### Given records

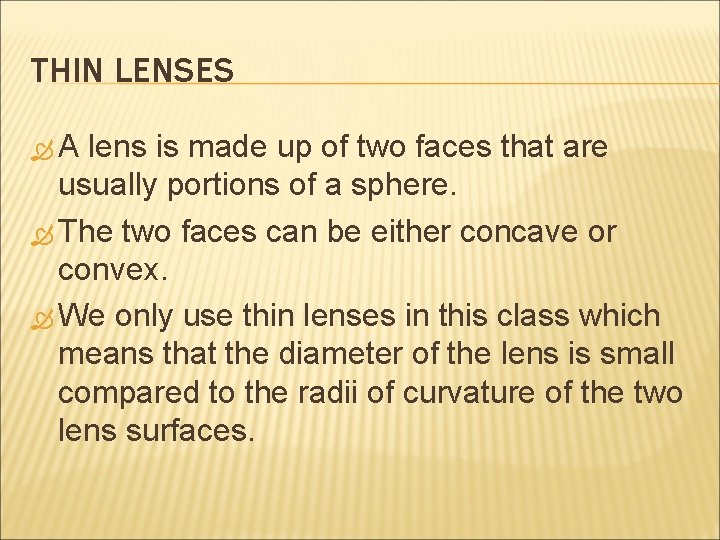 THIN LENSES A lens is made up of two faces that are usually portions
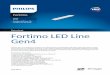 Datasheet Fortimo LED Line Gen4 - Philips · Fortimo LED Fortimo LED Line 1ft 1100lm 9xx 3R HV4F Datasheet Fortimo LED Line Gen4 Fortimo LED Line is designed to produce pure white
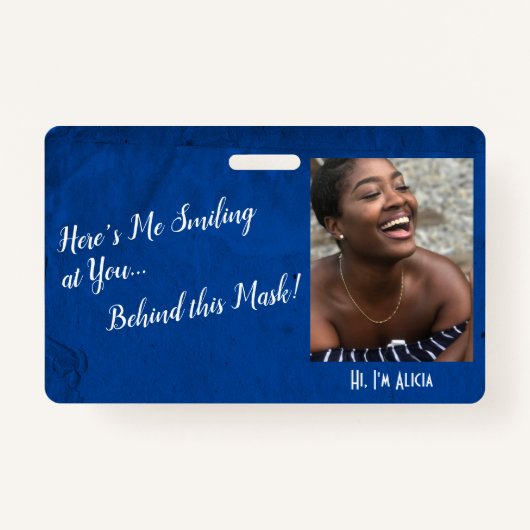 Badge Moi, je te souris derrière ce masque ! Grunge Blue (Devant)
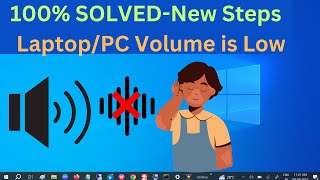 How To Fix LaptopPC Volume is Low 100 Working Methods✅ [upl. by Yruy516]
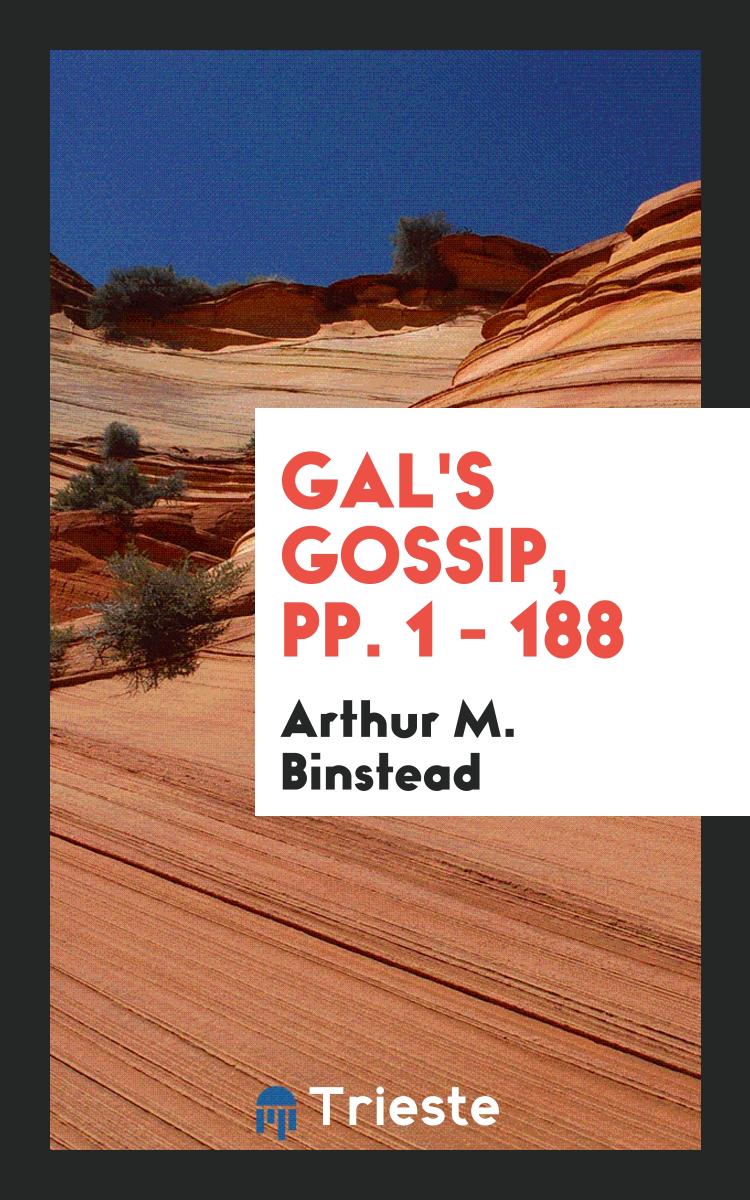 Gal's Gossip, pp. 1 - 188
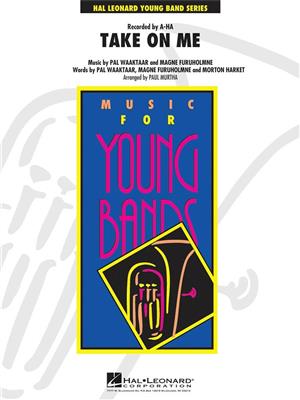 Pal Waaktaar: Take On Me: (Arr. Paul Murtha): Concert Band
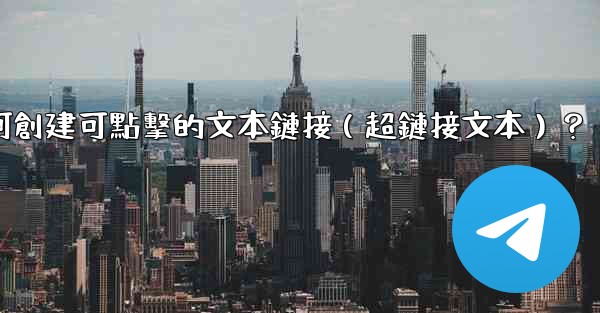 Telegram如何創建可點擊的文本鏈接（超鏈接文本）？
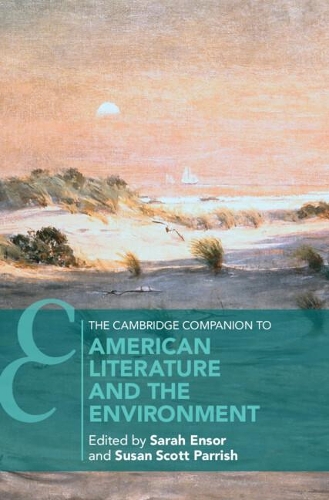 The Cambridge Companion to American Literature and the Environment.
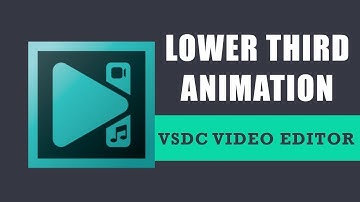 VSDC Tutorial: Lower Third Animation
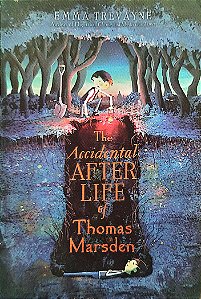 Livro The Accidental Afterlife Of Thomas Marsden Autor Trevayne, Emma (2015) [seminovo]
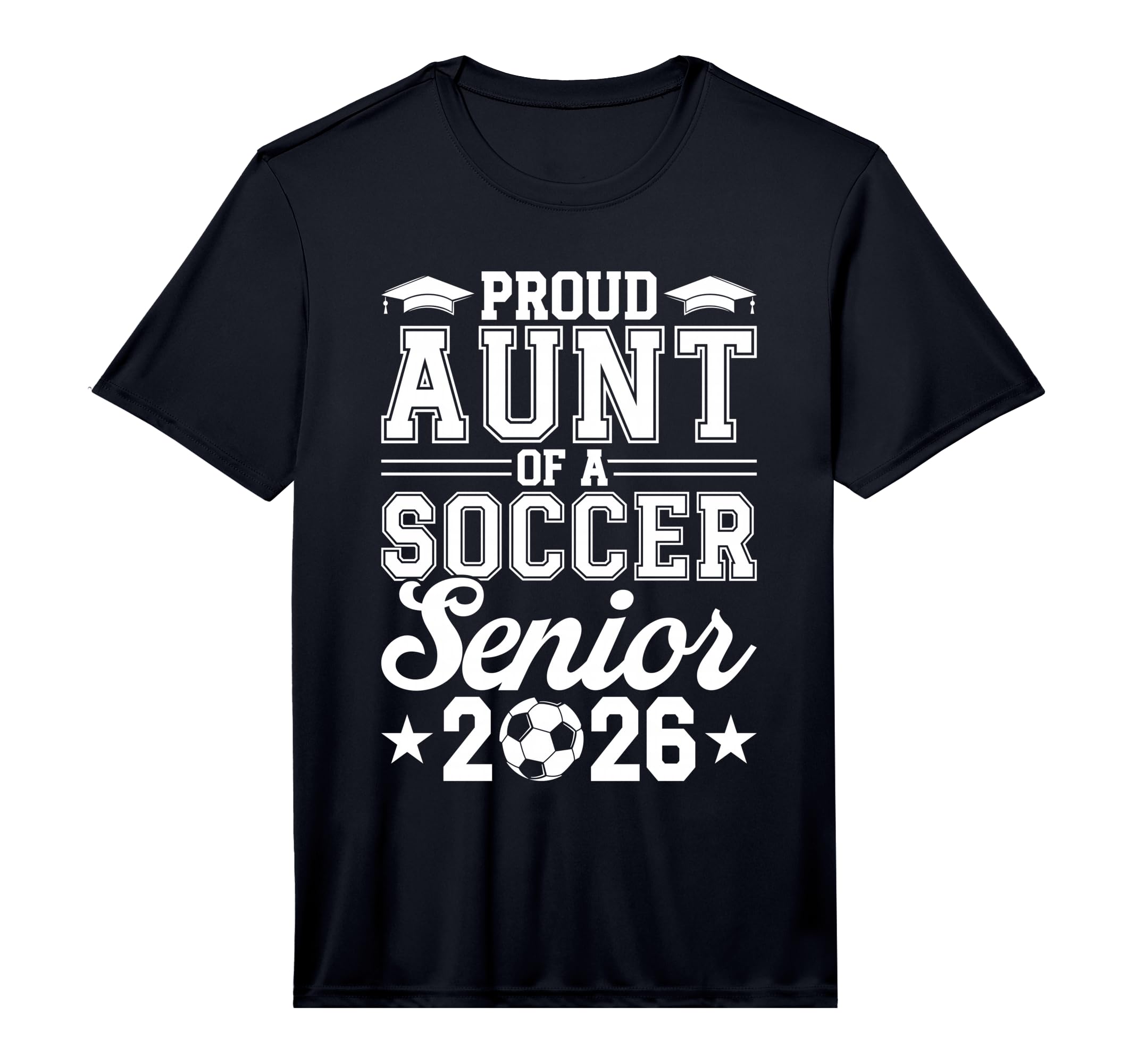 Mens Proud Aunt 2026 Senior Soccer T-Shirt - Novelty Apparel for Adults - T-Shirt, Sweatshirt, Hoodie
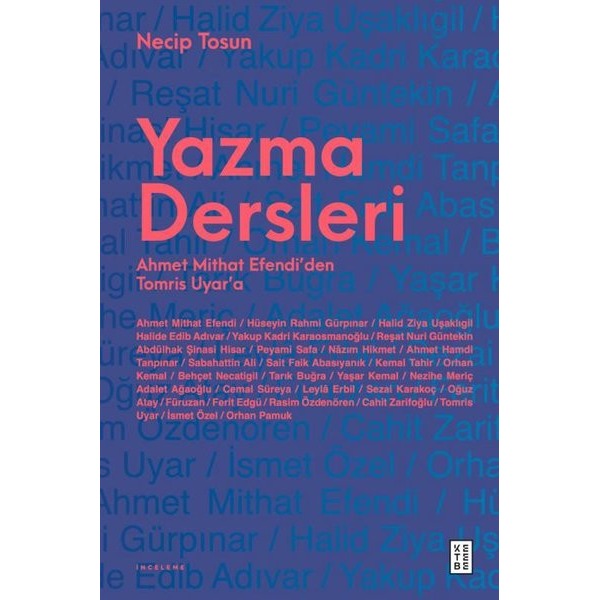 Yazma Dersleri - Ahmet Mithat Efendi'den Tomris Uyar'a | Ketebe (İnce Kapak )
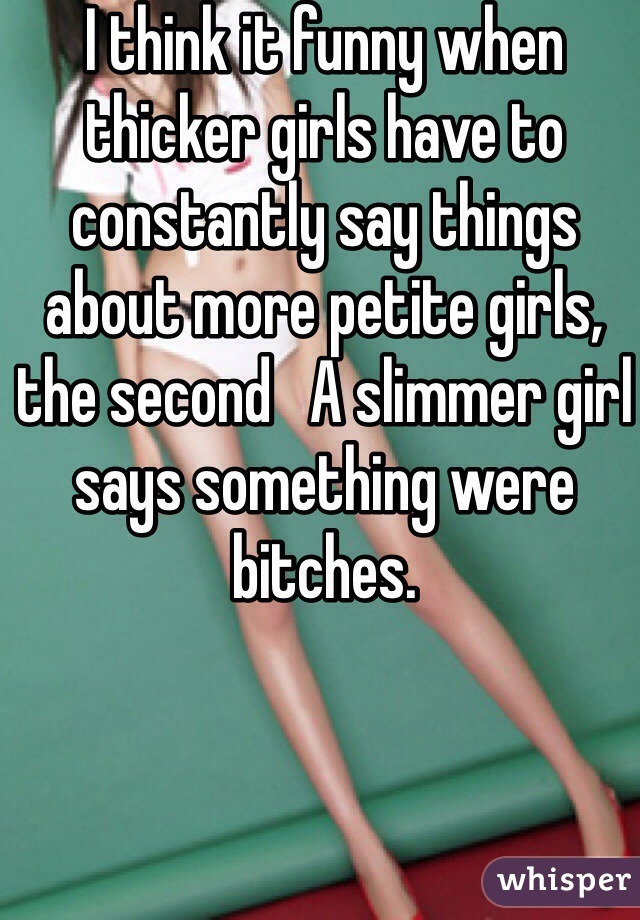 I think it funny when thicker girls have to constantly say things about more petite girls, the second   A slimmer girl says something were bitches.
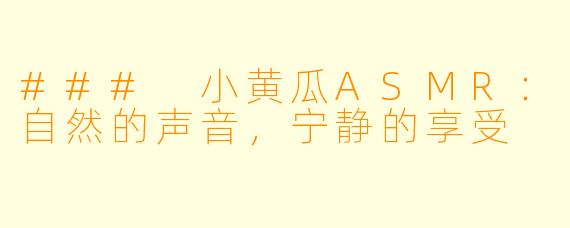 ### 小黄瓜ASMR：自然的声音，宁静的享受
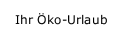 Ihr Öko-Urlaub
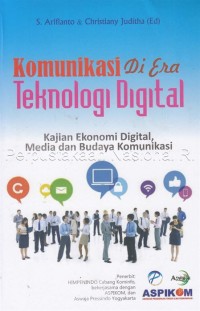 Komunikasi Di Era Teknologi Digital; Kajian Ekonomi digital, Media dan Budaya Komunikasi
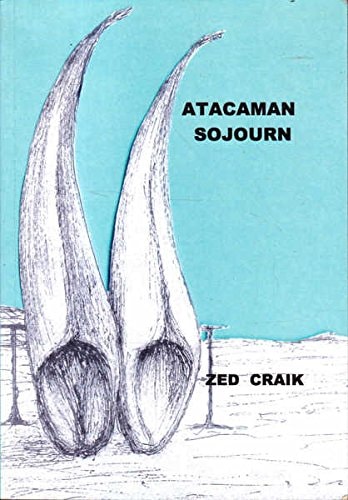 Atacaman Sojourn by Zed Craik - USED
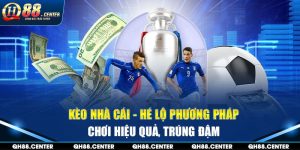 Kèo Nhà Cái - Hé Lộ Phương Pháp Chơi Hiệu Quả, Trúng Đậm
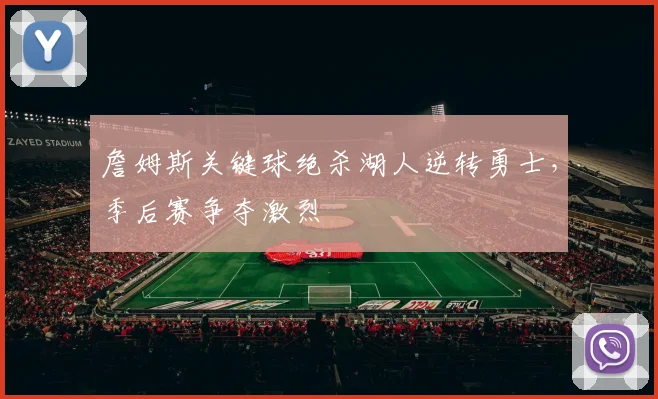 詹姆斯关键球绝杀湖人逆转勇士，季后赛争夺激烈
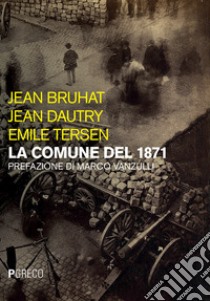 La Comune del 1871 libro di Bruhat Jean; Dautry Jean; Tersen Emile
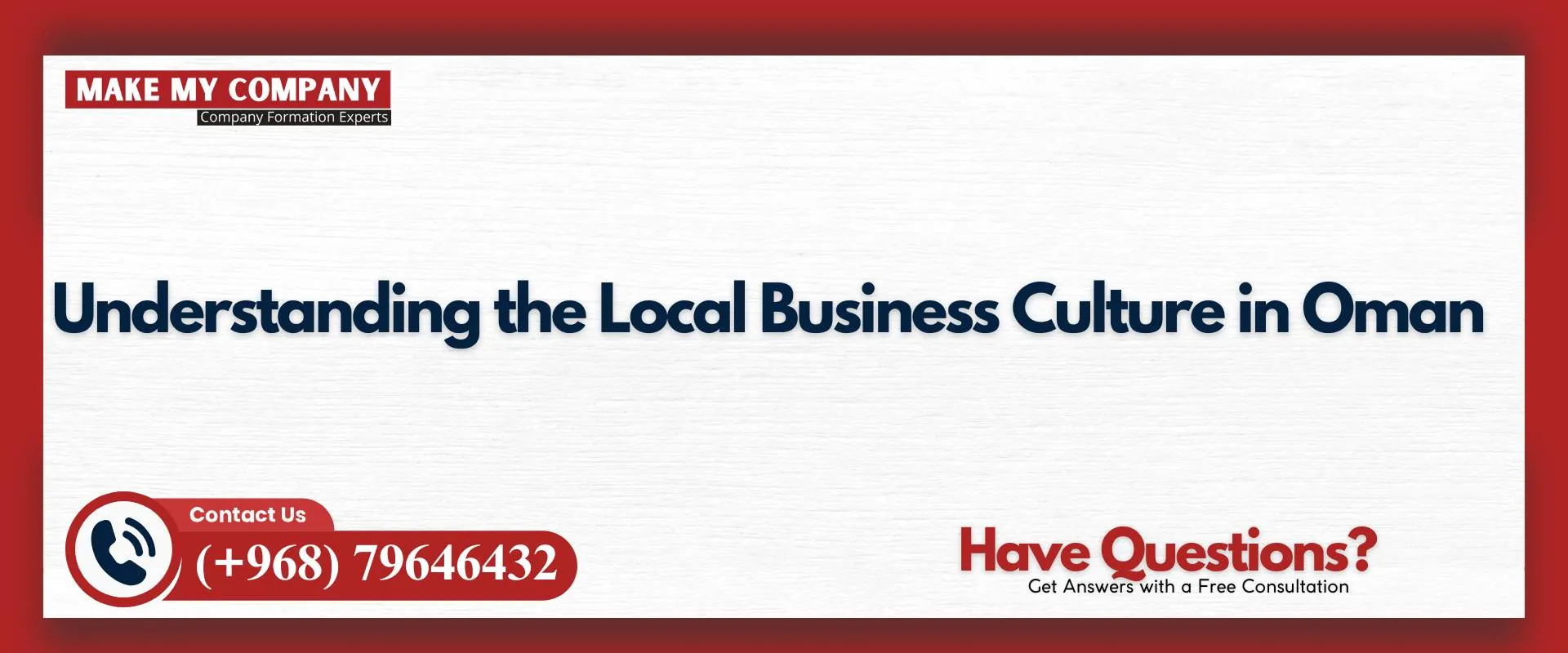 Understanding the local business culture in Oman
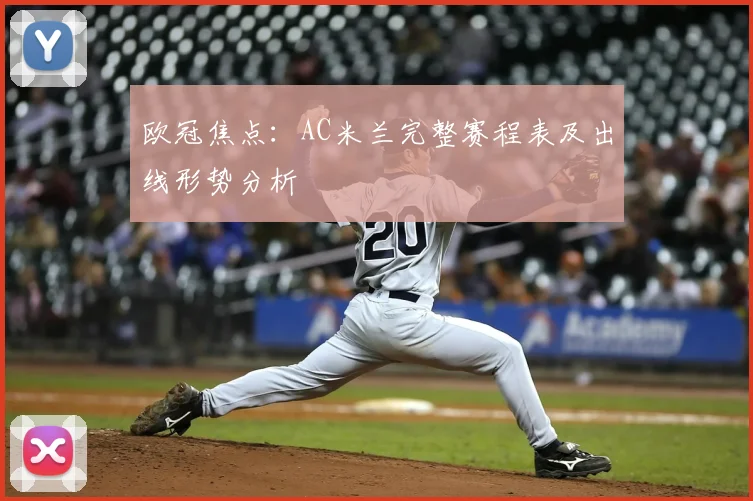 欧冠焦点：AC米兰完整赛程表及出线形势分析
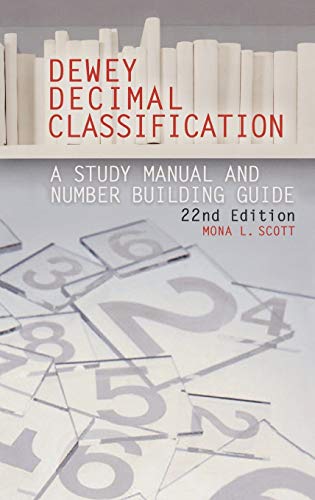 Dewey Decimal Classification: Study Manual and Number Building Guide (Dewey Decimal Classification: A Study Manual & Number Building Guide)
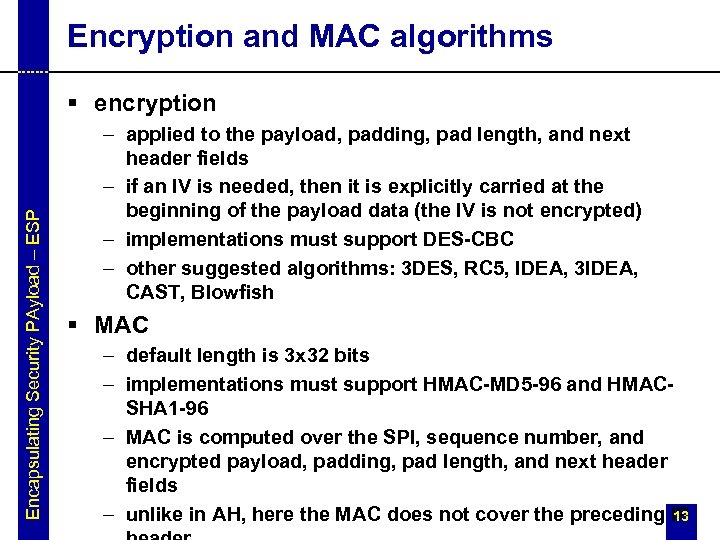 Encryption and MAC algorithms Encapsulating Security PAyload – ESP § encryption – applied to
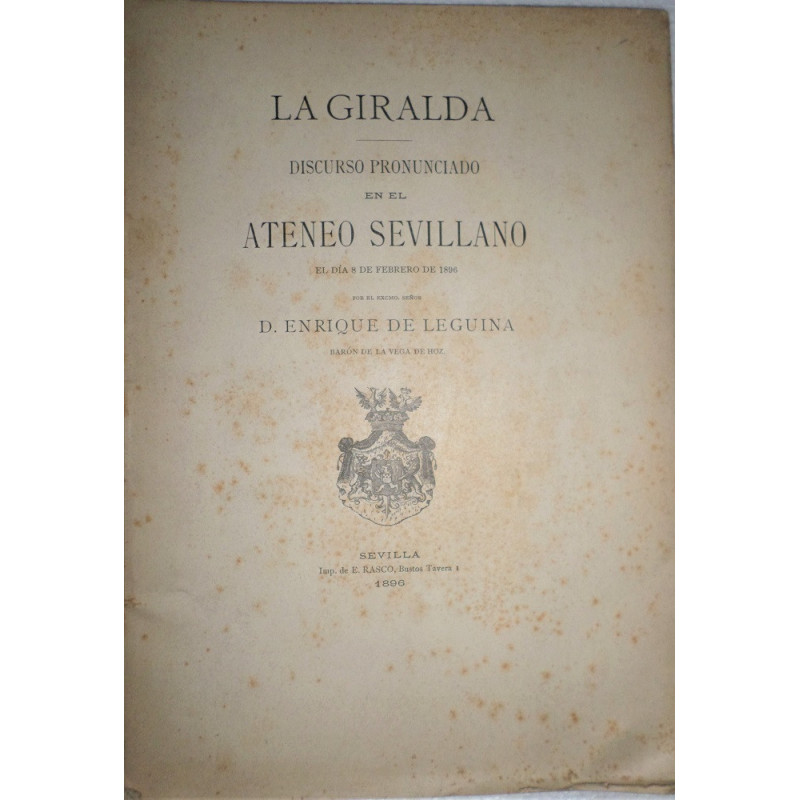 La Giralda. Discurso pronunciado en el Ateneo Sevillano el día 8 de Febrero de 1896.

######

• **Task prompt**: Set down, word for word, only the lines running from the line with "Livro The Accidental" through the final line of the entries above, omitting all pictures.

• **Worked solution**:
 Livro The Accidental Afterlife Of Thomas Marsden Autor Trevayne, Emma (2015) [seminovo]
 Mens Proud Aunt 2026 Senior Soccer T-Shirt - Novelty Apparel for Adults - T-Shirt, Sweatshirt, Hoodie
 Yazma Dersleri - Ahmet Mithat Efendi'den Tomris Uyar'a | Ketebe (İnce Kapak )
 I think it funny when thicker girls have to constantly say things about more petite girls, the second   A slimmer girl says something were bitches.
 ### 小黄瓜ASMR：自然的声音，宁静的享受
 Ihr Öko-Urlaub
 Komunikasi Di Era Teknologi Digital; Kajian Ekonomi digital, Media dan Budaya Komunikasi
 Atacaman Sojourn by Zed Craik - USED
 Kèo Nhà Cái - Hé Lộ Phương Pháp Chơi Hiệu Quả, Trúng Đậm
 詹姆斯关键球绝杀湖人逆转勇士，季后赛争夺激烈
 La Comune del 1871 libro di Bruhat Jean; Dautry Jean; Tersen Emile
 Understanding the local business culture in Oman
 欧冠焦点：AC米兰完整赛程表及出线形势分析
 Dewey Decimal Classification: Study Manual and Number Building Guide (Dewey Decimal Classification: A Study Manual & Number Building Guide)
 Encryption and MAC algorithms Encapsulating Security PAyload – ESP § encryption – applied to
 La Giralda. Discurso pronunciado en el Ateneo Sevillano el día 8 de Febrero de 1896.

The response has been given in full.